Software
aids oral historians
By PATRICIA
DONOVAN
Contributing Editor
A
UB historian has developed a unique application for a software originally
developed for the industrial market-research field that has enormous
implications for thousands of audio and video history collections held
in archives around the world.
Michael
Frisch, professor of history and senior research scholar, has found
a way to make these collections useful tools for education and research
by rendering them, for the first time, searchable and accessible.
The
application maintains the integrity of the original, firsthand oral
documentation and obviates the need to use voice-to-page transcription
or voice-recognition software.
"This
is revolutionary," says Frisch. "This process collapses what has been
the great distance between archival service and scholarship and posterity,
and makes collections immediately available for educational and popular
use."
Frisch
says it will be an enormous boon to oral historians, archivists and
documentarians who work in audio, video, film or multimedia formats.
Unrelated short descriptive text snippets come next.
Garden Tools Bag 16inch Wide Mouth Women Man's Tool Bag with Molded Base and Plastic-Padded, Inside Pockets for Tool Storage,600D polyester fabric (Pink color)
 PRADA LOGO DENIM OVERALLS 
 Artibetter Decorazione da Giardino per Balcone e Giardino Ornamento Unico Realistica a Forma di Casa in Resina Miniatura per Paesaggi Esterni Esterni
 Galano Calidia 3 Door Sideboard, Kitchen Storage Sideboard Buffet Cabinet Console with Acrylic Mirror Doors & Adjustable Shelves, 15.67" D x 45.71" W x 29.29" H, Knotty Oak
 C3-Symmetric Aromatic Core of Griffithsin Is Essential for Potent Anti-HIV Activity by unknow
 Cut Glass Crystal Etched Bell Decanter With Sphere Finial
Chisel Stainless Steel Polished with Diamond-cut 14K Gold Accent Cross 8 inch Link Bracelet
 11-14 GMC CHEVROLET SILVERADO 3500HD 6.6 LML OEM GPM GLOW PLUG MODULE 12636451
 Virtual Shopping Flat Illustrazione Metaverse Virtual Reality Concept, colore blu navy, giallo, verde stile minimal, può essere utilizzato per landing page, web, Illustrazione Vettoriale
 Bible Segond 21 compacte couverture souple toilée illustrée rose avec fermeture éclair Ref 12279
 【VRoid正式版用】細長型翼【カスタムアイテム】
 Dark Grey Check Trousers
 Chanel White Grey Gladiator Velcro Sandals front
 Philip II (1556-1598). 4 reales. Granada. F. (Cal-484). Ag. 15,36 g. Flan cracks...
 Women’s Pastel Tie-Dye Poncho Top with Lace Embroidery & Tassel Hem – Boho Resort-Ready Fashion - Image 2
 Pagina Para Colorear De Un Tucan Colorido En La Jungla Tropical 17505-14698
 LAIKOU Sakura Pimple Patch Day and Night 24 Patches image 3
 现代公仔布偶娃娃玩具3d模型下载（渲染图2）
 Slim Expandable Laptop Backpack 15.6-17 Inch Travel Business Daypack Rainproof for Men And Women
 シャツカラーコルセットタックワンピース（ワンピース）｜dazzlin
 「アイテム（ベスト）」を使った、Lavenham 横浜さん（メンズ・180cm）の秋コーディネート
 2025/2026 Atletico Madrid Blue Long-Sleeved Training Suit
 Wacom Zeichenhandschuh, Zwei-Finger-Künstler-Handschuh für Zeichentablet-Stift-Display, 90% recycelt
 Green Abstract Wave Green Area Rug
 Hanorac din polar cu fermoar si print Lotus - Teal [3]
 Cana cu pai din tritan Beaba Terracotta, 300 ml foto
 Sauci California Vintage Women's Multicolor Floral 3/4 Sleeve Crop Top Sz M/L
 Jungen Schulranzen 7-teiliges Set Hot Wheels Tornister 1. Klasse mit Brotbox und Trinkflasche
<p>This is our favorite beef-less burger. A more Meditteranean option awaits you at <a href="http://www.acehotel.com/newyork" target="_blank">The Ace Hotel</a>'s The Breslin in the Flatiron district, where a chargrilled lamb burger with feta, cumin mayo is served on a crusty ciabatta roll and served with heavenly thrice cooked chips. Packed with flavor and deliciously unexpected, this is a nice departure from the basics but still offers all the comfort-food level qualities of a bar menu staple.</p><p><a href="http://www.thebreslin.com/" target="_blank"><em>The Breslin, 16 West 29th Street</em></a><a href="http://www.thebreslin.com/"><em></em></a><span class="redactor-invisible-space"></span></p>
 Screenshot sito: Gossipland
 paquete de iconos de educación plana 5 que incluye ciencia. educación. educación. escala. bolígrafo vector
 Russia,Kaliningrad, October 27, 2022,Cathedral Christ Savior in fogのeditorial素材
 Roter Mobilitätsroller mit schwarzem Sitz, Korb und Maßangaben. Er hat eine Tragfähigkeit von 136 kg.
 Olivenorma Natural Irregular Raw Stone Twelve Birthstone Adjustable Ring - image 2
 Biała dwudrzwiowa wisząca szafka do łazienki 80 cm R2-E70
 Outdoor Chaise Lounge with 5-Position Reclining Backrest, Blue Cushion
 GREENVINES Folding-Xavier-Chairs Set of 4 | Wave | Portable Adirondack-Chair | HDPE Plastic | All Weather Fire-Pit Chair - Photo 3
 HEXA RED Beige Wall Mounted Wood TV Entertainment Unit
They will be able to deal with the content in its authentic, spontaneous,
richly affective form.
The
process employs Documat LLC's relatively new Interclipper software to
record archived oral material directly into a computer and permits the
material to be indexed, searched and retrieved.
It
is a principal tool of Frisch's company, The Randforce Associates, which
consults and assists users in the new field of digital oral-collection
management.
Randforce
has just moved into the UB Technology Incubator.
Frisch
points out that oral and video history tapes are important because they
offer deeply textured, historically important, first-person accounts
and eyewitness reports of important events and personages. The conventional
way of handling oral documents has been to turn the voice or image into
text in the form of collection catalogues, logs, indexes and, most often,
transcripts.
"These
are produced at great cost," he says. "The results are voluminous and
expensively produced written texts that are only marginally easier to
search and seldom indexed for ideas or concepts.
"The
end result," he adds, "is at a considerable remove from the original
format in which authority was carried in the voice and imagethe
reason the tapes were produced in the first place."
Interclipper
software originally was developed for the industrial market-research
field. It works well for oral-collection management, he says, because
it permits the key passages in oral and video history texts to be tagged,
coded and copied into an interactive database that can be searched,
indexed, catalogued and recopied.
Once
transformed into interactive oral databases, they can incorporate photos,
video clips and other materials that can be browsed and linked to further
resources.
"To
apply this market-research software effectively to the very different
needs of an oral-history collection is complicated, however, and has
a steep learning curve," Frisch says. That's where Randforce comes in.
He
says the company will facilitate use of this technology by helping curators
and archivists develop subject-specific codes and index categories for
individual collections and assist them in the construction of the taxonomy.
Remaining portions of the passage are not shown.